Most U.S. farms exist on land misappropriated in colonialism that once profited from the forced labor of enslaved Black Americans. Today, women farmers earn 40% less income than men farmers, and Black farmers take home less than 1% of total U.S. agriculture sales. Altogether, Black Americans own less than 1% of the country’s rural farmland.
It hasn’t always been this way. In 1910, Black Americans owned about 20 million acres—the most they have owned in U.S. history. Between 1920 and 1997, more than 14 million acres of that land would be lost, altogether equating to about $326 billion of wealth. Today, farmers like Donea are reclaiming their right to access farmland, building back that wealth, and returning to the sustainable and regenerative agricultural methods their ancestors practiced before they were kidnapped and enslaved from their native Africa.
“For me, it’s reclaiming that story and being able to show Black people, you can return to the land and farm in the way your ancestors did,” Donea says. “You are not your history, you are not slavery, you are not the land thefts.”
The loss of Black-owned farmland was a result of various racial terror and land-grabbing techniques, from racism embedded in the United States Department of Agriculture (USDA) that prevented or delayed Black Americans from taking out loans or accessing governmental assistance programs to white supremacists harassing and, in some cases, killing people in rural Black communities, said Dãnia Davy, director of land retention and advocacy at the Federation of Southern Cooperatives.
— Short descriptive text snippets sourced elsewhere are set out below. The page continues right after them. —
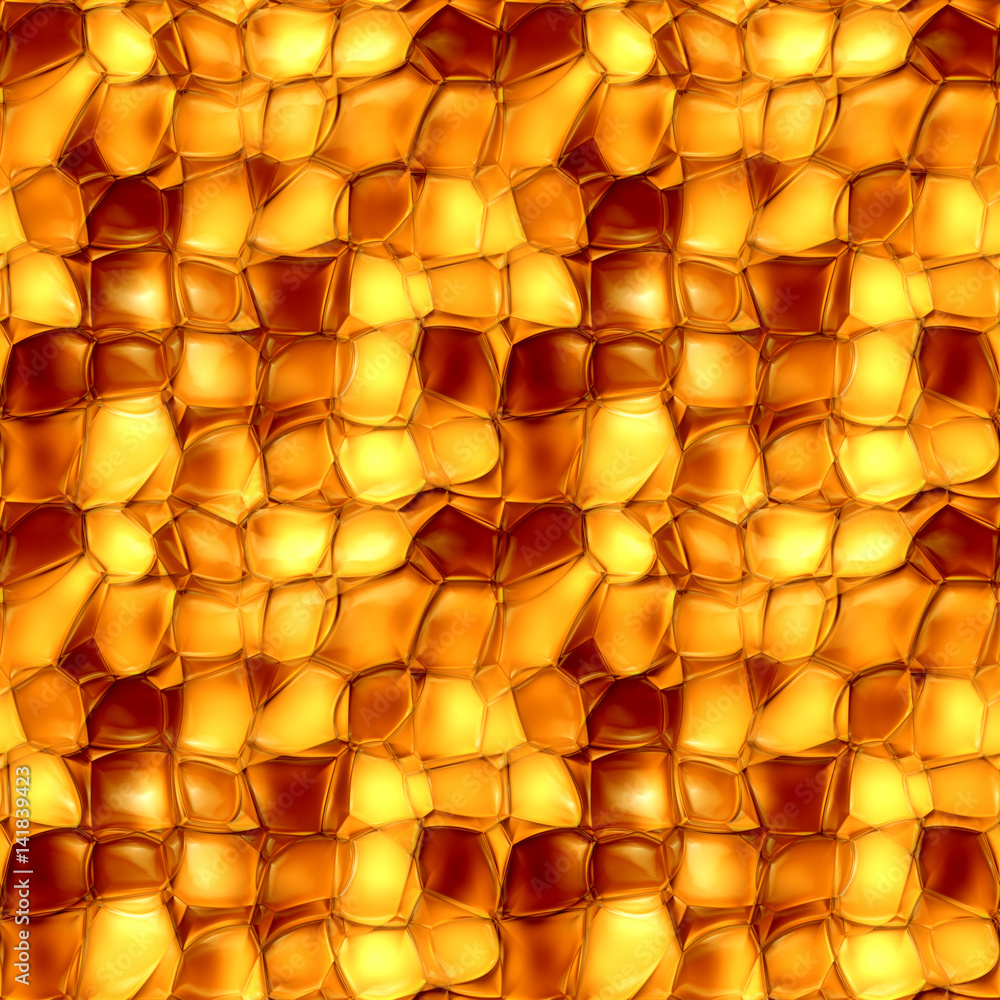 Seamless Texture of corn or granules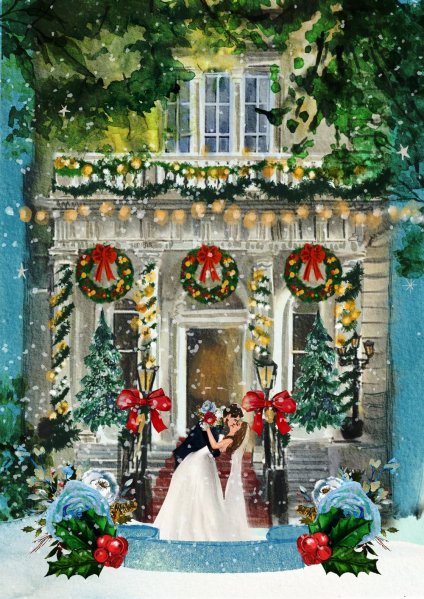 Christmas and Winter Wedding Stationery Inspiration, winter wedding ideas, winter wedding invites, winter wedding stationery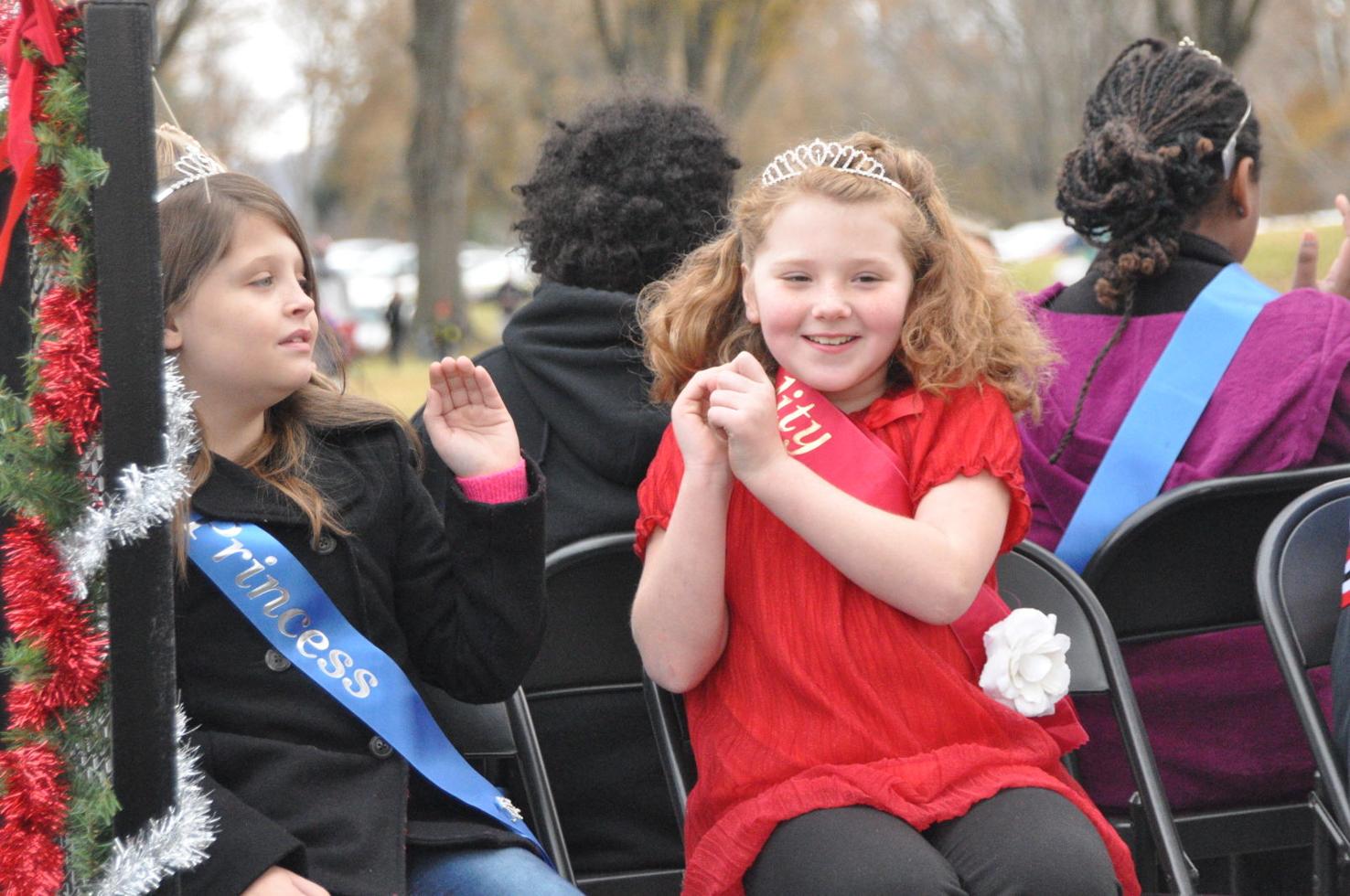 J. Iverson Riddle Developmental Center Christmas Parade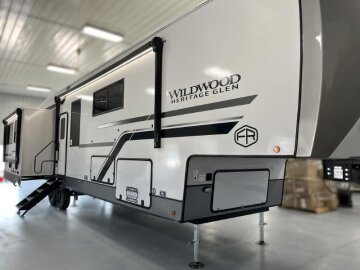 New 2026 Forest River Wildwood 380WDR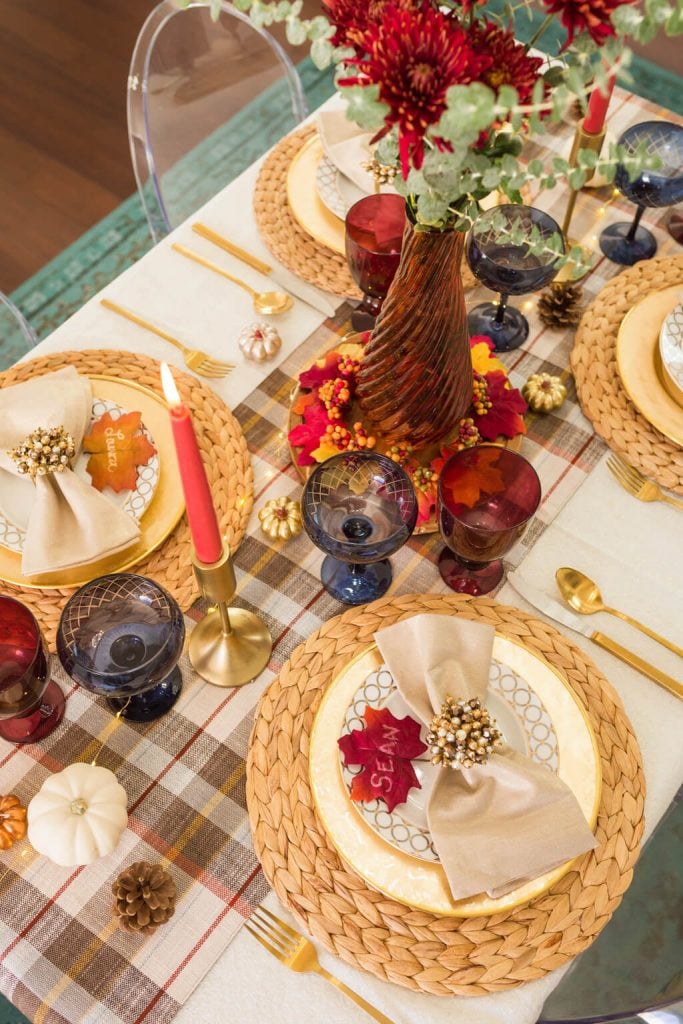 Amazing DIY Thanksgiving Table Decor Ideas For Your Home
Incentives within the USDA also prioritized lending for larger corporate farms, neglecting smaller or specialized farms, which were more often owned by people of color.
When farmers filed civil rights complaints against the USDA, they were similarly mismanaged., In fact, the process was described in a 1997 Civil Rights Action Team (CRAT) report as a “bureaucratic nightmare” that “often [made] matters worse.”
“[When] the federal government established programs that were on their face designed to assist African Americans in acquiring affordable farmland, those institutions would play out in discrimination,” Davy said. “For example, African Americans would only get access to the most flood-prone or low-lying lands, or the least likely to be agriculturally productive.”